# PROBLEM REQUIREMENTS
Write out, word for word, the part of the listing below that opens with the line containing "Gorham Manufacturing Co" and closes with the line containing "Patinagem Artística do", keeping both of those lines and adding no others.

# THE DATA
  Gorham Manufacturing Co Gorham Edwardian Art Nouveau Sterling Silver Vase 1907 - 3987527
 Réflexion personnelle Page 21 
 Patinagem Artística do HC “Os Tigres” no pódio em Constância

--

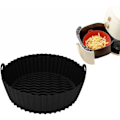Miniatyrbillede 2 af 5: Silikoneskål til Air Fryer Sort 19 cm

# WORKED SOLUTION
  Gorham Manufacturing Co Gorham Edwardian Art Nouveau Sterling Silver Vase 1907 - 3987527
 Réflexion personnelle Page 21 
 Patinagem Artística do HC “Os Tigres” no pódio em Constância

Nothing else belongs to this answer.